> ACTIVITY: Transcribe the records word for word, beginning with the first line and ending with the line that contains "Wsuwane Tekstylne Sneakersy r.40 na Arena.pl"; include nothing else.

Saved entries
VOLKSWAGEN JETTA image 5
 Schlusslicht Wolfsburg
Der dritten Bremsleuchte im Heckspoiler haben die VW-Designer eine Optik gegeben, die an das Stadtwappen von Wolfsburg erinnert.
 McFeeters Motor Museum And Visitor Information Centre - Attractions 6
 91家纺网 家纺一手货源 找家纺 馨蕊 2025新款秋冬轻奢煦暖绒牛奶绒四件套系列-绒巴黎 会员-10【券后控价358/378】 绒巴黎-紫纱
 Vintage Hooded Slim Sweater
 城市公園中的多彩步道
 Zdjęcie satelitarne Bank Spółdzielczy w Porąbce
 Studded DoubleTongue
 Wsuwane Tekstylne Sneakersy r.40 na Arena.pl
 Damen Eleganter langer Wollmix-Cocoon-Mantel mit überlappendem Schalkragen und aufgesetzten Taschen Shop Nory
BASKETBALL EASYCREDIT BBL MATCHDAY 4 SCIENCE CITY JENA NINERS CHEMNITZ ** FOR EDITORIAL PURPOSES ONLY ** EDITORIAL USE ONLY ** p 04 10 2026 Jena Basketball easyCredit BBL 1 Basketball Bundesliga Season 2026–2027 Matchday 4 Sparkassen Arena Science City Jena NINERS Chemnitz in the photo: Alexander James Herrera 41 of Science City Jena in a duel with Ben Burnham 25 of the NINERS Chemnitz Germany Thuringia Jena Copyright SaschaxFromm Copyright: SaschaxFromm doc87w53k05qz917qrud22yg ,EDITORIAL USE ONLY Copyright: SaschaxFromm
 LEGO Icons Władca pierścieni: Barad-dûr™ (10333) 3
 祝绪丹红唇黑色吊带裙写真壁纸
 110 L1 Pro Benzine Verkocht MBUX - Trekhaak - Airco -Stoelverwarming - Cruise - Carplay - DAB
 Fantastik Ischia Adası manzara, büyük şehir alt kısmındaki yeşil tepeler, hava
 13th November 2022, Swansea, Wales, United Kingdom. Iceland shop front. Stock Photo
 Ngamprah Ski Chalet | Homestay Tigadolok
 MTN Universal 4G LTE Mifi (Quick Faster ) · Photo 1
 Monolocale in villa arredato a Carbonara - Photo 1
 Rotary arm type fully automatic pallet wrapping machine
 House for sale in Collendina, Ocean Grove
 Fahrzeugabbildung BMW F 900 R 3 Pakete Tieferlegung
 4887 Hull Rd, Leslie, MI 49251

> ANSWER BOX:
VOLKSWAGEN JETTA image 5
 Schlusslicht Wolfsburg
Der dritten Bremsleuchte im Heckspoiler haben die VW-Designer eine Optik gegeben, die an das Stadtwappen von Wolfsburg erinnert.
 McFeeters Motor Museum And Visitor Information Centre - Attractions 6
 91家纺网 家纺一手货源 找家纺 馨蕊 2025新款秋冬轻奢煦暖绒牛奶绒四件套系列-绒巴黎 会员-10【券后控价358/378】 绒巴黎-紫纱
 Vintage Hooded Slim Sweater
 城市公園中的多彩步道
 Zdjęcie satelitarne Bank Spółdzielczy w Porąbce
 Studded DoubleTongue
 Wsuwane Tekstylne Sneakersy r.40 na Arena.pl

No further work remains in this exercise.